Un éditeur a déclenché une polémique en Allemagne en décidant de retirer le terme "nègre" de la prochaine édition d'un classique de la littérature allemande pour enfants afin de le moderniser.
La maison d'édition Thienemann ne s'attendait pas à susciter une telle controverse en préparant la publication pour l'été 2013 d'une version en couleurs de La petite Sorcière (Die Kleine Hexe), à l'occasion du 90e anniversaire de l'auteur Otfried Preussler.
L'ouvrage de 120 pages, qui conte les aventures d'une sorcière gentille, accompagne les petits Allemands de génération en génération depuis sa première parution en 1957 et a été traduit en 47 langues.
Une partie du public allemand accuse Thienemann de dénaturer l'oeuvre au nom du politiquement correct en retirant des termes discriminants tels que le mot "nègre". Sur la toile et dans les médias, le débat fait rage depuis deux semaines.
"Les oeuvres doivent être acceptées telles qu'elles ont été créées"
La radio publique Deutschlandfunk s'en est pris à une "police de la langue", dénonçant la "dénégrification" des livres pour enfants. Mercredi le porte-parole des conservateurs pour les questions culturelles au parlement allemand, Wolfgang Börnsen, s'est insurgé contre "les moralistes" qui "devraient faire preuve de plus de tolérance" à l'égard des classiques.
"Les oeuvres doivent être acceptées telles qu'elles ont été créées", estime auprès de l'AFP le président de la fédération des enseignants allemands, Josef Kraus. "Sinon, nous pourrons jeter un jour une grande partie de la littérature mondiale ou même l'Ancien testament", ajoute-t-il.
Selon lui, c'est justement le rôle des parents et enseignants d'expliquer que des mots tels que "nègre" ne doivent plus être utilisés alors qu'ils étaient courants autrefois. "C'est une opportunité pédagogique", affirme-t-il.

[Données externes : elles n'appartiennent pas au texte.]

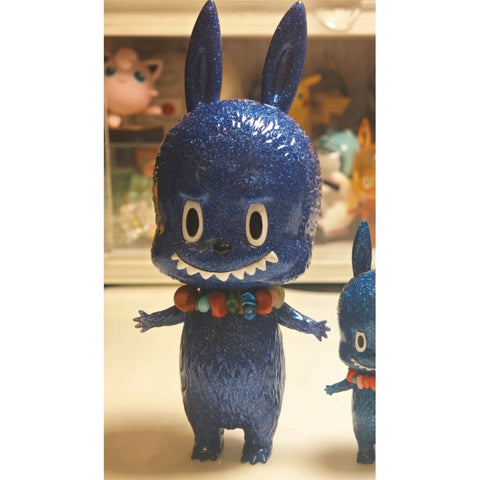 Labubu The Monsters Blue People 2017 Limited Edition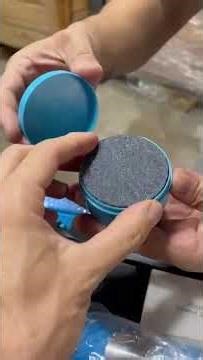 UNBOXING: Esclerómetro / Martillo Schmidt clásico, tipo N - LANGRY, RH225-A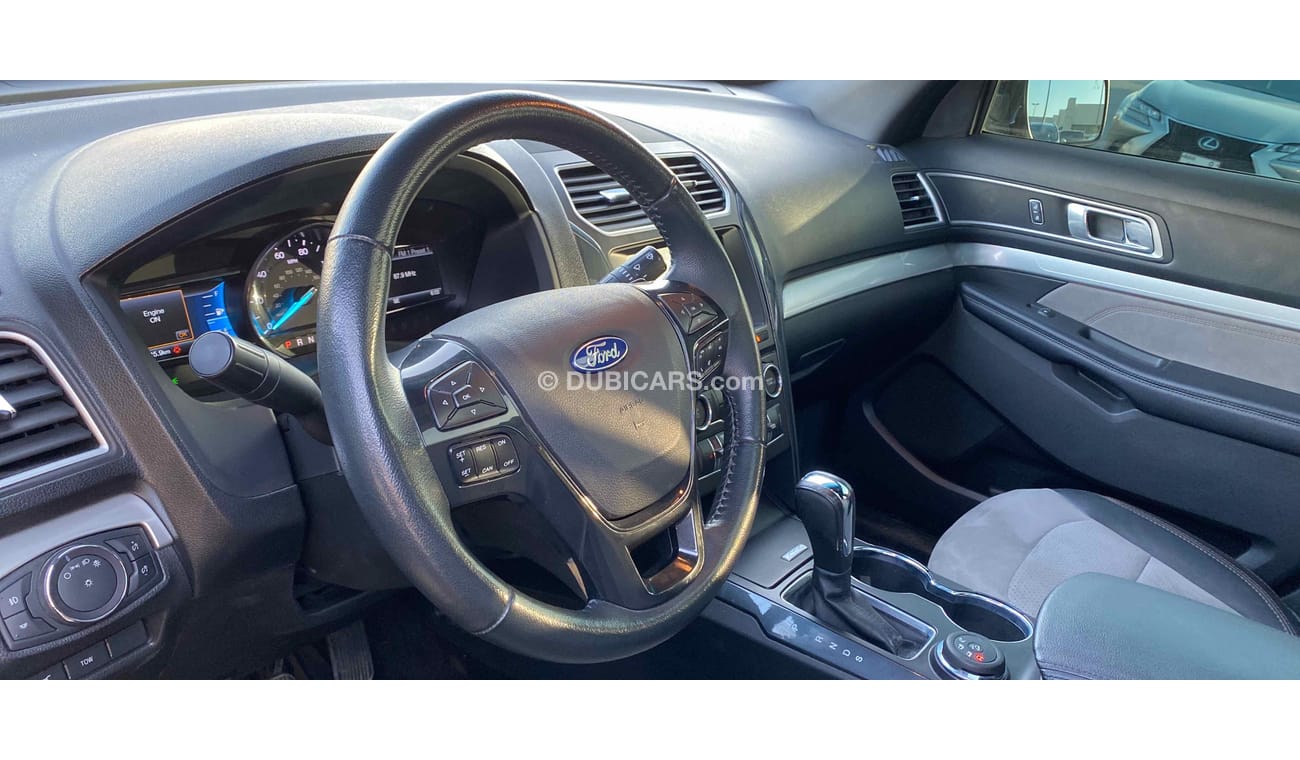 Ford Explorer Full option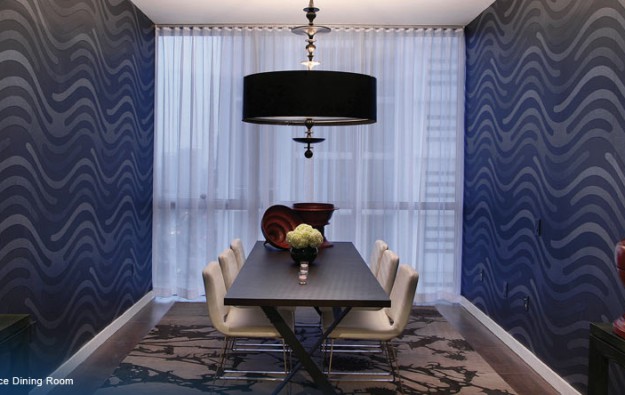 Marquis - Luxury Condo Interior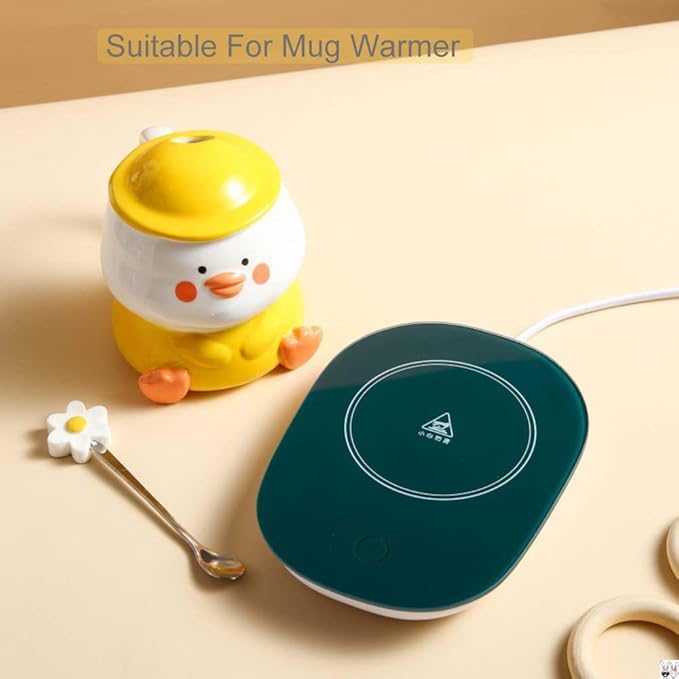 Cute 3D Duck Coffee Mug,Funny Duck Ceramic Coffee Cup with Hat Lid and Lovely Flower Spoon,White Elephant Gifts for Adult Women Men Friends Gag Gifts Christmas Birthday Gifts for Women Girls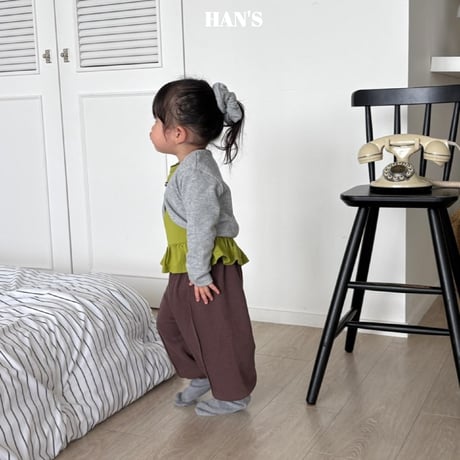 hans/41. bollero cardigan XS-XL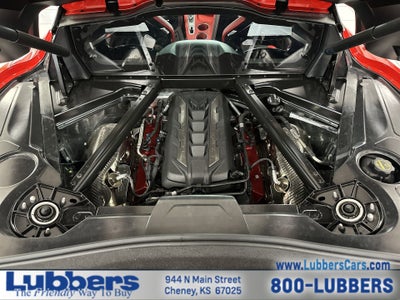 2026 Chevrolet Corvette Stingray 2LT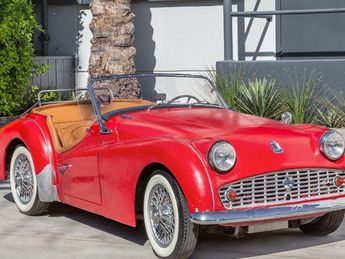  Voir détails -Triumph TR3  à  Le Havre (76)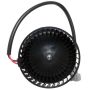 Four Seasons 75054 Double Shaft Vented CW Blower Motor w/ Wheel
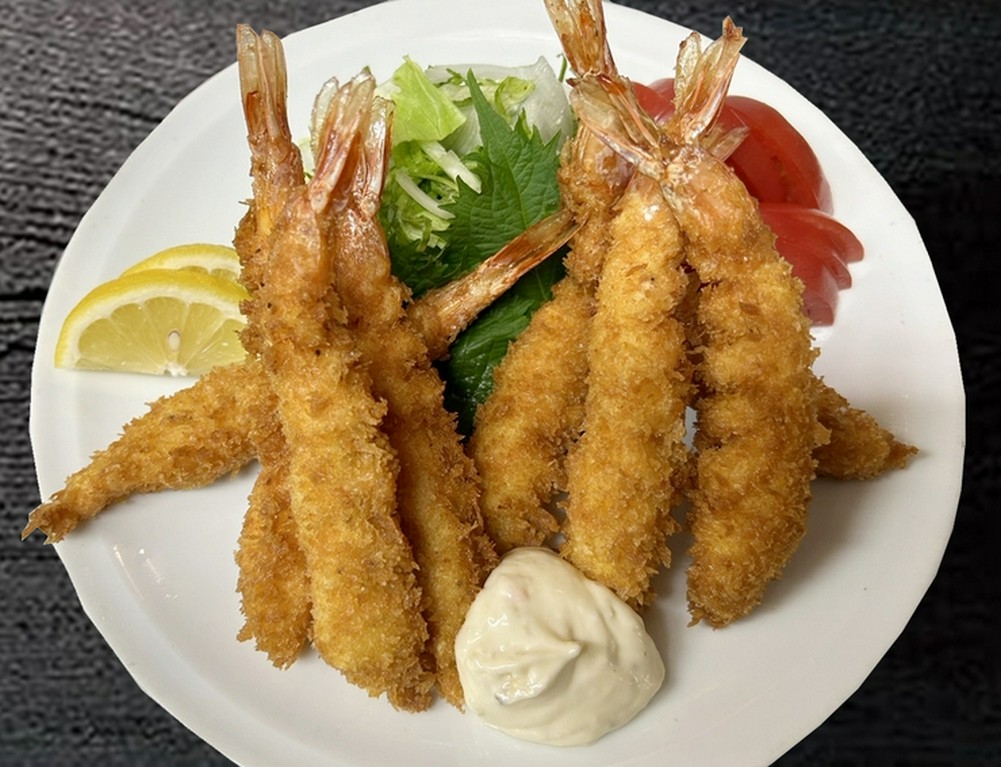 【やっぱり人気です!!】ぷりぷりサクサク 海老フライ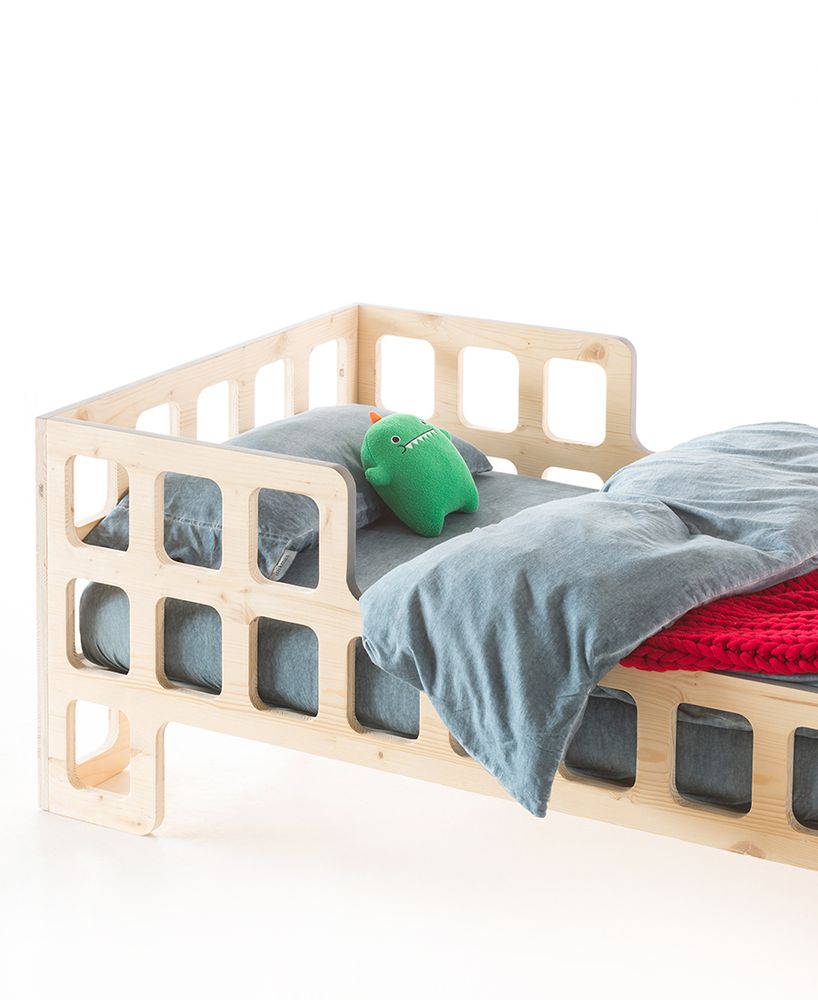 Beds - LUKAAS junior bed - XO-INMYROOM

D'autres ont pris parti pour l'adaptation des textes. "Un livre imprimé en 2013 dans lequel figure le mot 'nègre' emploie un vocabulaire raciste", a estimé l'écrivain Jakob Hein dans le quotidien de gauche berlinois Tageszeitung. "L'enfance est une période cruciale où s'ébauche le cadre des valeurs", a-t-il souligné.
Svea Unbehaun, porte-parole de l'éditeur, confie à l'AFP avoir reçu près de 300 courriers depuis janvier. "Au début les réactions étaient violentes et émotionnelles, c'était surtout des injures. Entre-temps, nous avons reçu de plus en plus de messages de soutien". Elle souligne que le projet "d'actualiser deux chapitres du texte" est maintenu, en dépit des protestations.
"la décision de modifier un texte est toujours prise en accord avec l'auteur ou ses héritiers"
Le mot "nègre" est employé dans ces deux chapitres dans un récit de carnaval pour désigner des personnes déguisées : "les deux petits nègres n'étaient pas du cirque, ni les Turcs, ni les Indiens, ni les petites chinoises, ni les cannibales (...) Non, c'était carnaval au village".
"Les modifications du texte sont actuellement à l'étude", précise Mme Unbehaun, n'écartant pas la possibilité que les costumes de "Turcs en pantalons bouffants" soient aussi remplacés "par des costumes plus courants pour les enfants d'aujourd'hui".
Depuis une dizaine d'années, l'éditeur a régulièrement reçu des plaintes de lecteurs. "Nous avons évidemment pris ces courriers en considération", insiste Mme Unbehaun, soulignant que "la décision de modifier un texte est toujours prise en accord avec l'auteur ou ses héritiers". Otfried Preussler a récemment accepté que son texte soit modifié, après plusieurs années de réserves.
Fin décembre, la jeune ministre conservatrice de la famille Kristina Schröder avait amorcé la controverse en confiant qu'elle renonçait à des termes discriminants comme "nègre" lorsqu'elle lisait des classiques à sa fille.
Il y a quatre ans, la maison Oetinger d'Hamburg, éditrice allemande des aventures de l'héroïne suédoise Fifi brin d'acier, très populaire en Allemagne, avait déjà retiré les termes "nègres" et "tsiganes" de ses traductions.